'clusterAnalysis( )' function is designed to provide a straightforward interpretation of a clustering problem or, in classification, the relation found by the model between features, observations and labels.
The main ingredient of the function comes from an object of class importance, which gives the local importance and its derivatives (see Ciss, 2015b). For each observation, one records the features, over all trees, that comes in
first, second, ..., and so on position in the terminal nodes where falls the observation. One also records the frequency (number of times divided by number of trees) at which each of the recorded features appears. This gives
the first outputted table ('featuresAndObs' see below), with all observations (in rows) and in columns their class or cluster, their position (from first one to last one) and frequency. Note that a position is a local component
, named 'localVariable', e.g. 'localVariable1' means that for the i-th observation, the recorded variable was the one
that had the highest frequency in the terminal node where the observation has been dropped.
The resulted table is then aggregated, providing in rows, the cluster (or the class) predicted by the model and
in columns a component (with the same purpose than an eigenvector), that aggregates variables recorded for all observations of the dataset. We call the table 'clusterAnalysis' since it connects clusters (or class) with dependent variables on each component. The table is granular since one may choose (using options) both number of components and number of variables that will be displayed allowing an easy viewing on variables that matter. In the table, variables in each component are displayed in an decreased order of influence and are usually co-dependent.
The importance (between 0 and 1) of each component is displayed in the third table 'componentAnalysis' allowing the user to define how many components are needed to explain the clusters. More means more variables and the assistance of object of class importance, friends and methods (plot, print, summary) will be needed. Less means easy, but possibly partial, interpretation. Note that the 'clusterAnalysis( )' function is, partially, the summarized view of importance.randomUniformForest
.
The three resulted tables comes directly from the modelling and, in classification, do not use training labels
but predictions (like clusters are predictions computed by the model).
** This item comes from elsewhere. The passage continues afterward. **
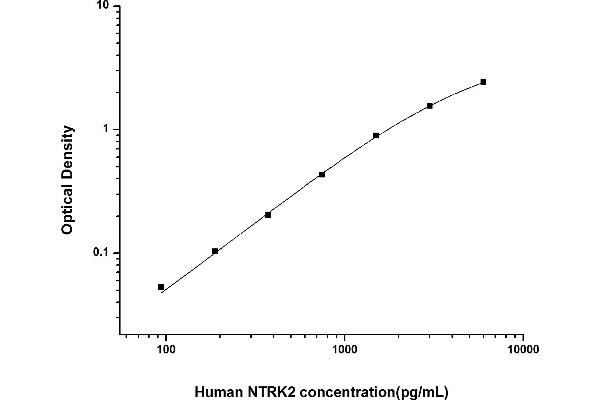 TRKB ELISA Kit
One may want to to know how the modelling is relying on the true nature of data. That is the main interest of the 'clusterAnalysis( )' function. The latter unifies modelling and observed points. The last tables, named 'numericalFeaturesAnalysis' and/or 'categoricalFeaturesAnalysis', aggregates (by a sum, mean, standard deviation or most frequent state) the values of each feature for each predicted cluster or class.
1 - If the clustering scheme is pertinent, then the table must show differences between clusters, by looking to the aggregated values of features.
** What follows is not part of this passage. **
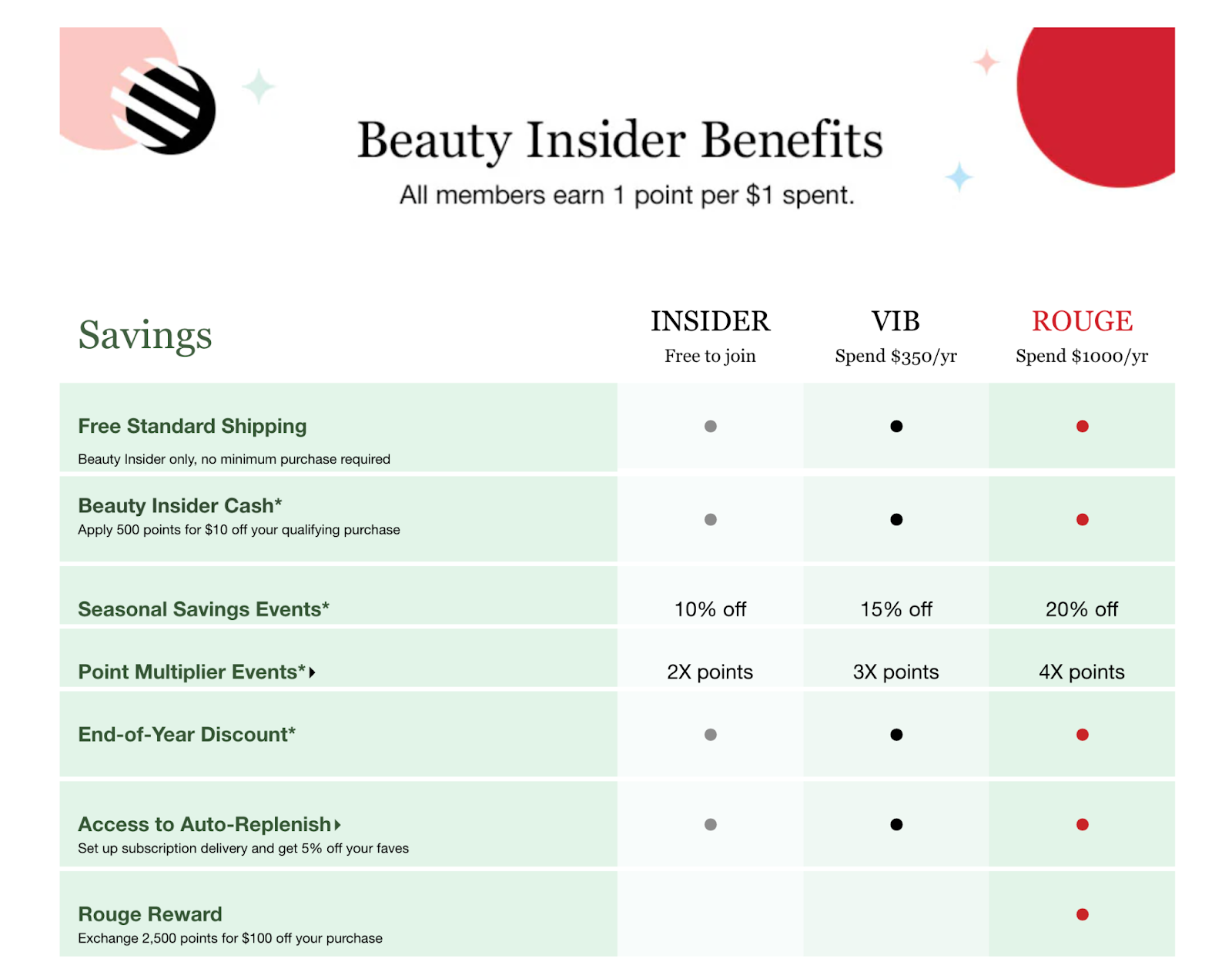 loyalty program example, Sephora Beauty Insider benefits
2 - It must provide insights, especially in a cost-benefit analysis, about the features one needs to take care in order to have more knowledge of each cluster (or class).
3 - In a general case and in Random Uniform Forests, the modelling may not match, even is the clusters are well separated, either the true distribution (number of cases per cluster or class) or the true effects (relations between covariates, relations in each cluster,...) present in the data. The 'clusterAnalysis( )' function, unifying all provided tables, must ensure that:
3.a - true, or at least main or possible, effects are found,
3.b - the approximated distribution generated is enough close to the true one.
From the points above, the main argument is that Random Uniform Forests are almost stochastic. Hence random effects are first expected. If repeated modelling lead to similar results (clusters and within relations), then results are, at least, self-consistent and clusterAnalysis( ) provides a way to look how the modelling enlighten the data.